Mary decided to go to bed early..She sat down on the green velvet chair in the corner and took off her outer woollen woven clothes which were pale pink and ready for the wash.As it was so cold she decided to leave her red damart thermal underwear on over which she donned a purple fleece nightgown and a mauve woollen bed jacket.She put some long green woollen bed socks on too and a tan sheepskin hat from East Norfolk. By her bed were some sheepskin slippers. from Drapers of Glastonbury. After cleaning her teeth with her gas powered toothbrush she climbed into her bed and began reading Ted Hughes’ letters in a fat volume which she had had for a few years but never finished as she only read them in bed to save carrying the heavy book about. He certainly knew how to write letters she murmured to herself. Suddenly her door opened with a thud and a large ,handsome old man came into her bedroom looking puzzed and amazed. Good evening,baby, he said. Good evening,she replied slightly angrily as she was busy. reading.Why she’d had enough of all that with her husband and her ex lover Bill Clinton Why are you wearing all that heavy clothing,?he asked nosily. What’s it got to do with you? she demanded sarcastically
Well,it’s going to be hard to make love to you,he told her chastely with his loving eyes. What on earth do you mean,Mary cried mysteriously. He came a bit closer and looked down at her face. I’m terribly sorry,he said.I must be sleepwalking, What number are you? 78 ,she told him calmly. Oh my, I am dyslexic.I should be at 87. But how do you get in Mary asked him ,her face red with the warm clothes I just open the lock with a credit card,he replied intellectually. A policeman in Oxford showed me.It was the only useful thing I learned at the University
Well, you are here would you mind making me some fresh tea.I am sweating so much I am dehydrated.Julius went into the teal and cream colored kitchen where he found all he needed. He got a tray and took the tea up to Mary just like her husband once did. Here you are,dear.he said kindly.
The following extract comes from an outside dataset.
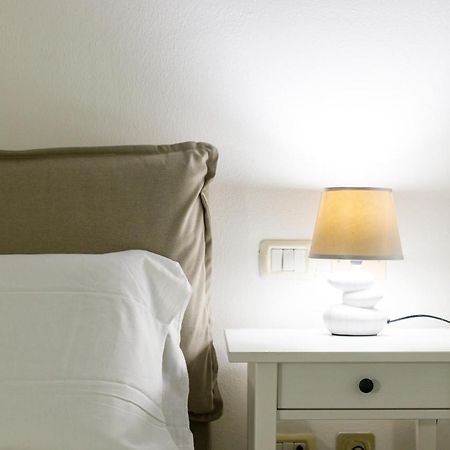 Elly'S Home Parcheggio Privato ราเวนนา ภายนอก รูปภาพ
OMG,you’re Stan, she shouted. Sorry to disappoint you, dear but I am Julius Tweezer from round the corner. I didn’t know there was a corner,she said curiously. I like your kitchen,he told her.My wife liked red but it was too bright for me so I left her I think that’s ridiculous,Mary cried.To get divorced over a red kitchen is really stupid.
Well,it’s less embarrassing in court than to say you are frigid,impotent a bully and mean as well,he said coyly. Very cunning,Mary said,I didn’t know men were frigid and why were you so mean?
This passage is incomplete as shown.